▸ **YOUR OBJECTIVE**:
After locating the line with "Door Panel of" in the entries below, output it and each following line up to and including the line with "1996 Freightliner Tanker - image 4", exactly and without pictures.

━━━ DATA EXCERPTS ━━━

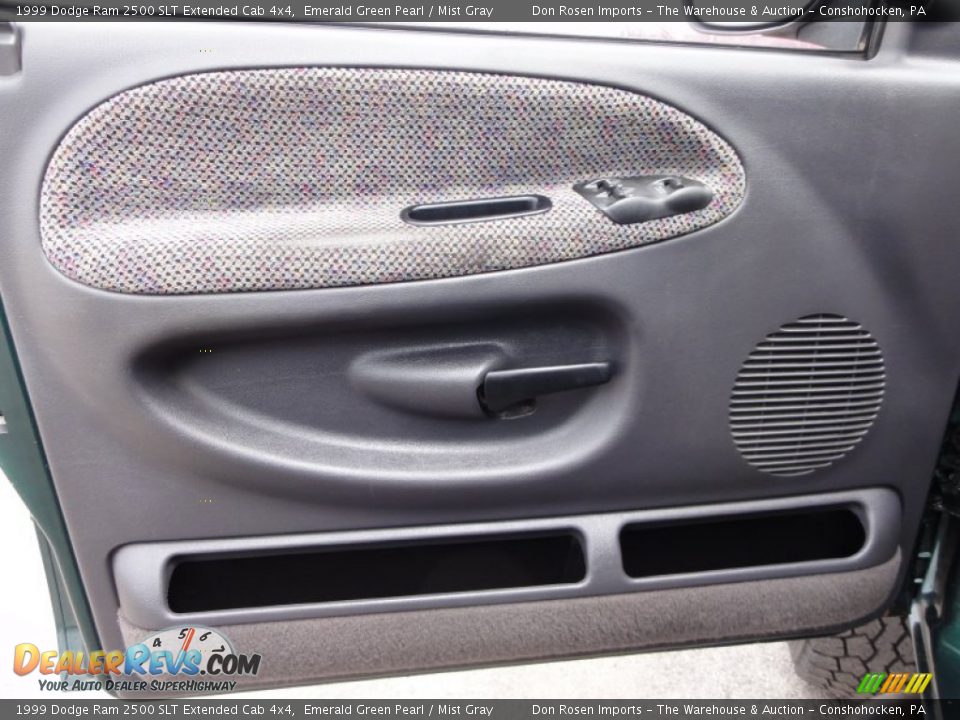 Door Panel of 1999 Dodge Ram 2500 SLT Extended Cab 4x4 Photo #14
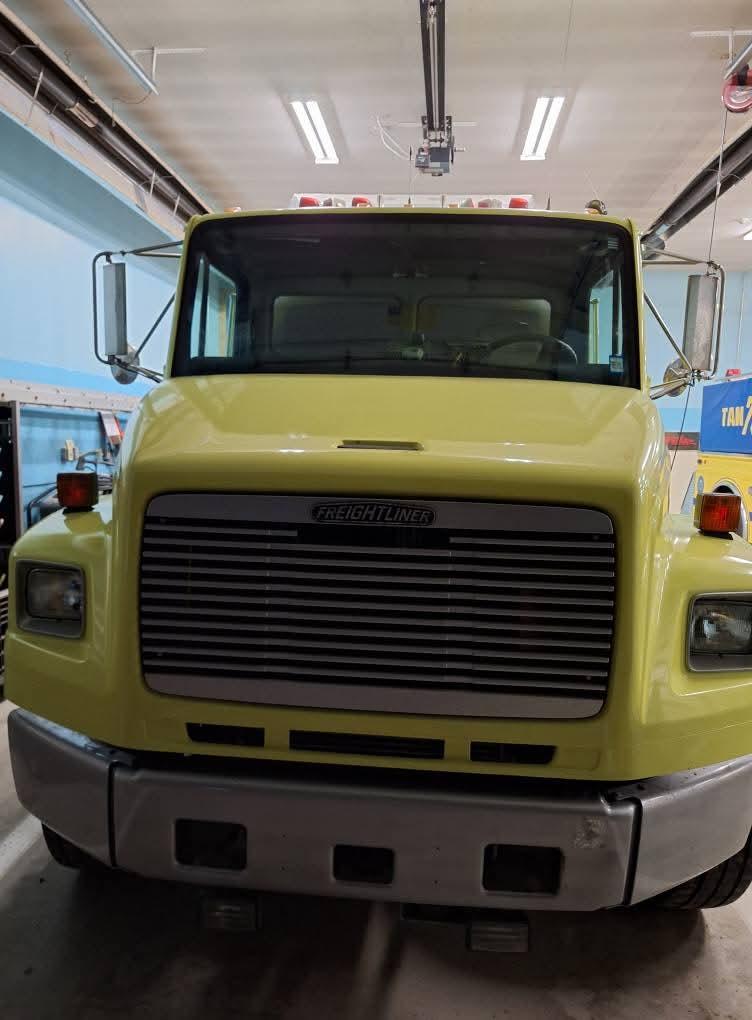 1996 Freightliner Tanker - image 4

━━━
━━━ DATA EXCERPTS ━━━

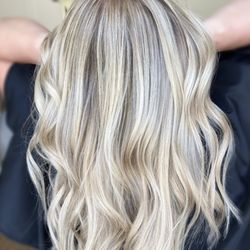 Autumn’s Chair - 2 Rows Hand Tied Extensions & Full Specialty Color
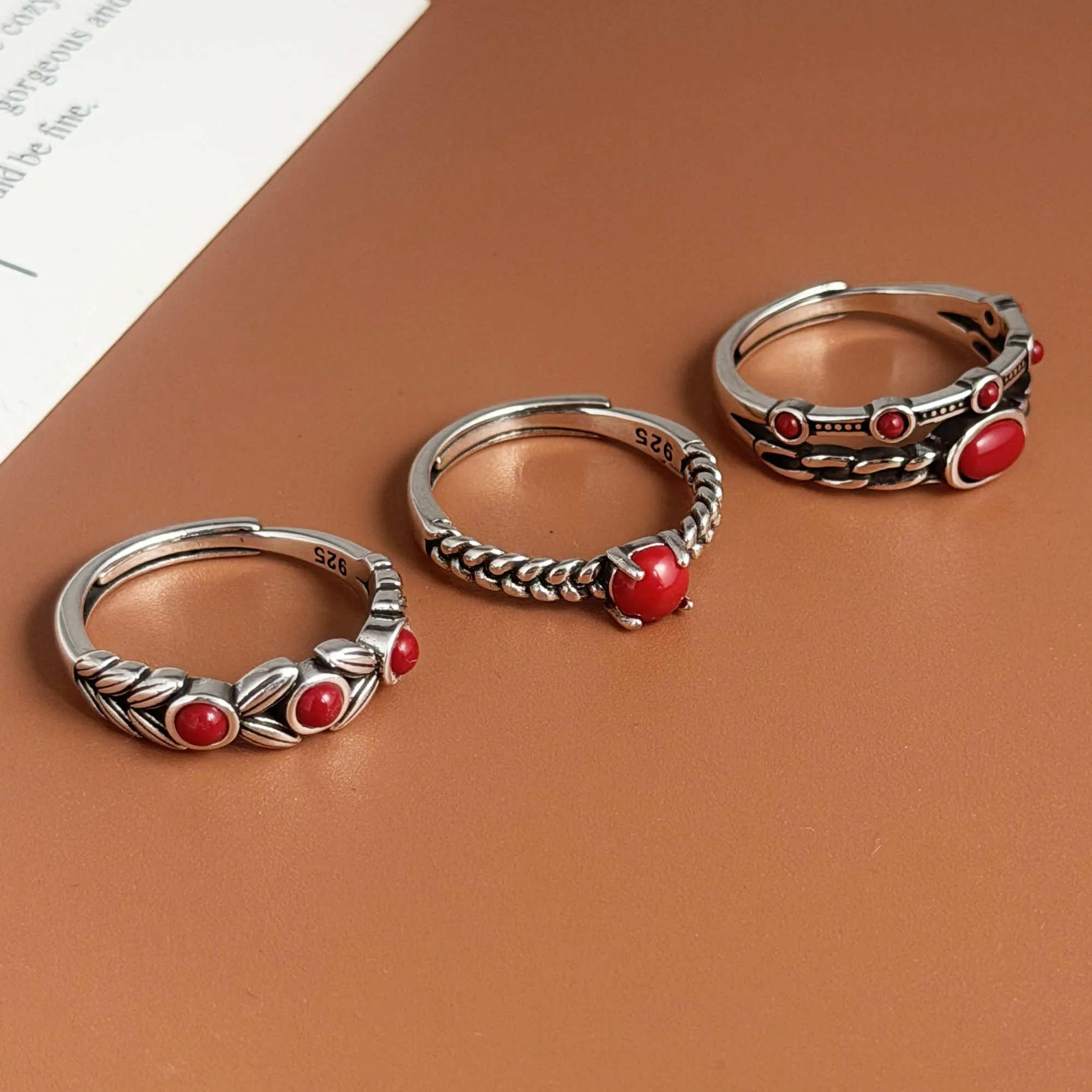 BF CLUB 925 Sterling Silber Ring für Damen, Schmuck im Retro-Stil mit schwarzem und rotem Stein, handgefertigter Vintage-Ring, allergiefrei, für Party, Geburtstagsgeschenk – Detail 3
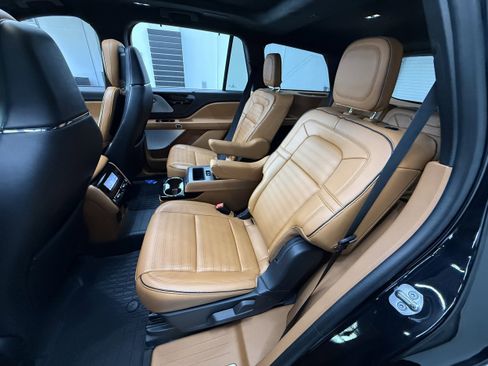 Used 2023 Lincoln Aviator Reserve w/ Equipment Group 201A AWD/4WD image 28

━━━

▸ **ANSWER BOX**:
 Door Panel of 1999 Dodge Ram 2500 SLT Extended Cab 4x4 Photo #14
 1996 Freightliner Tanker - image 4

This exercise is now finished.